Go through the records and set each one down exactly, skipping any picture.

- Available records:
↓
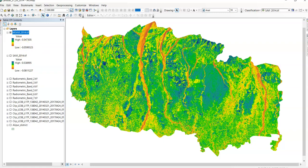MSAVI is used in areas where indices like NDVI or NDRE provide invalid data, mostly due to a small amount of vegetation or lack of chlorophyll. The index is used to minimize soil background influence and to increase the dynamic range of the vegetation signal.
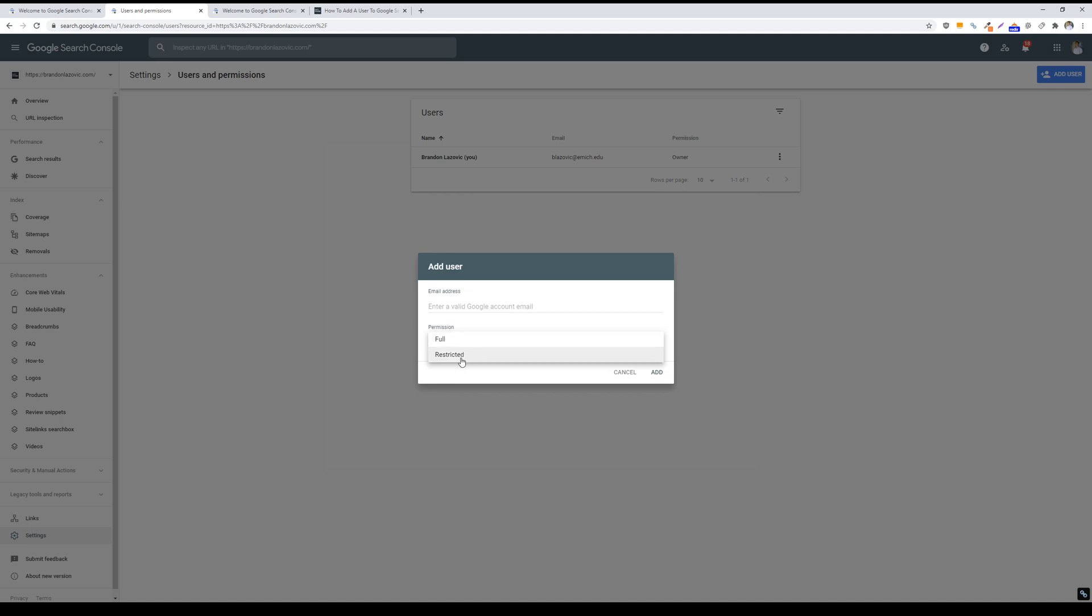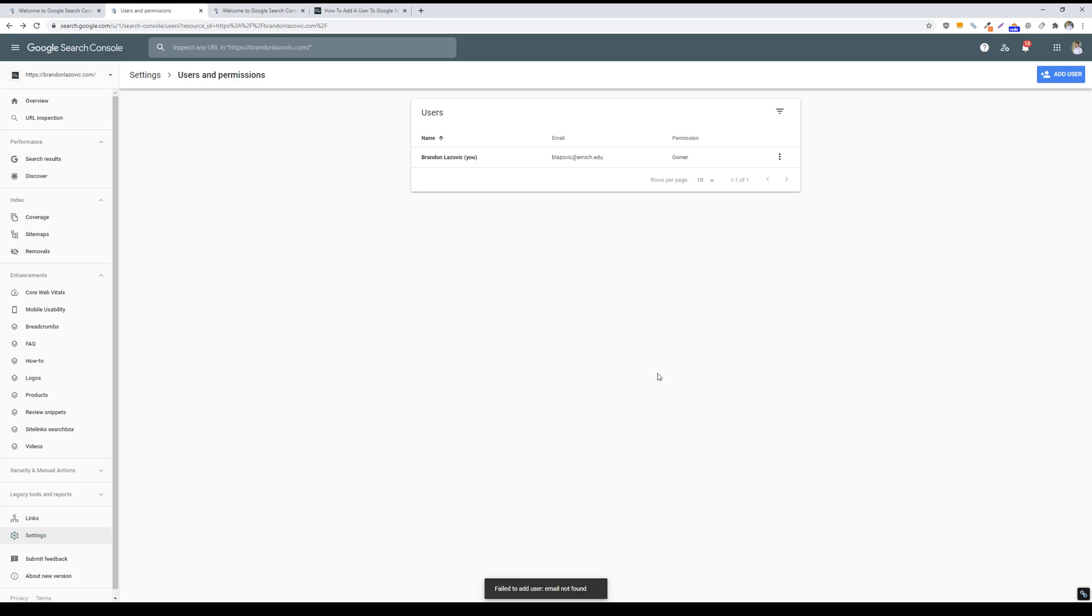Whereas with restricted permissions, they can only view data and they can't adjust any settings within your search console property account. So you either pick one of those and then submit the email address or click on the add button, and then it will give them an email notification that they have been successfully added to the account.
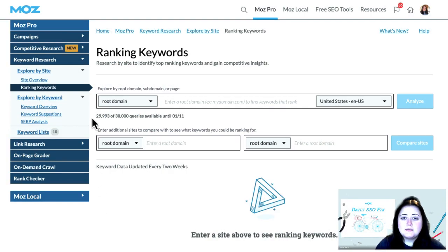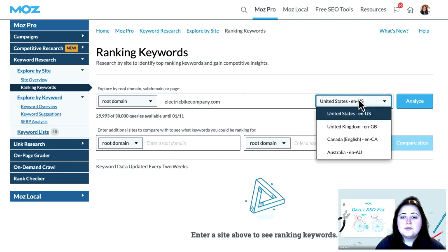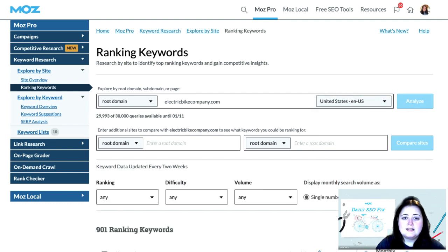Firstly, head to Keyword Explorer, click on ranking keywords from the left navigation, and type in your website URL. Select your audience's location and click Analyze.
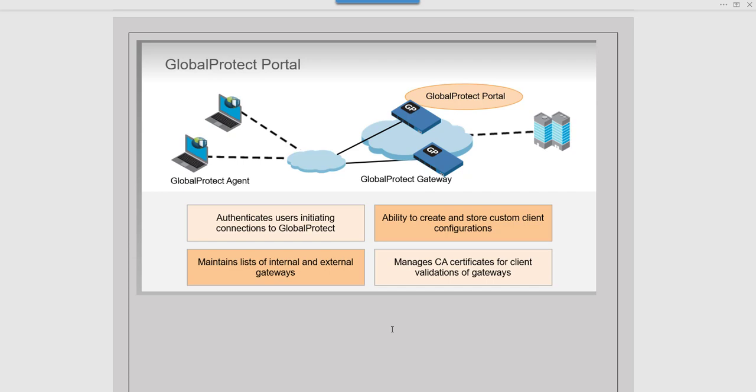Thirdly, the portal maintains the list of internal and external gateways. For an internal gateway, when the client resolves it as internal, you can access specific resources made accessible through that particular internal gateway. An external gateway is like a normal remote access VPN solution where the remote user establishes connectivity using SSL or IPSec and accesses resources on corporate networks. The portal also manages all CA certificates for client validation of the gateway, sending the required certificates to the client so they can be used during authentication with the gateway.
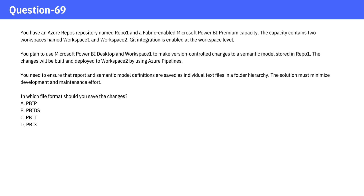In which file format should you save the changes? A. PBIP. B. PBIDs. C. PBIT. D. PBIX.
↑
- Answer box:
MSAVI is used in areas where indices like NDVI or NDRE provide invalid data, mostly due to a small amount of vegetation or lack of chlorophyll. The index is used to minimize soil background influence and to increase the dynamic range of the vegetation signal.
Whereas with restricted permissions, they can only view data and they can't adjust any settings within your search console property account. So you either pick one of those and then submit the email address or click on the add button, and then it will give them an email notification that they have been successfully added to the account.
Firstly, head to Keyword Explorer, click on ranking keywords from the left navigation, and type in your website URL. Select your audience's location and click Analyze.
Thirdly, the portal maintains the list of internal and external gateways. For an internal gateway, when the client resolves it as internal, you can access specific resources made accessible through that particular internal gateway. An external gateway is like a normal remote access VPN solution where the remote user establishes connectivity using SSL or IPSec and accesses resources on corporate networks. The portal also manages all CA certificates for client validation of the gateway, sending the required certificates to the client so they can be used during authentication with the gateway.
In which file format should you save the changes? A. PBIP. B. PBIDs. C. PBIT. D. PBIX.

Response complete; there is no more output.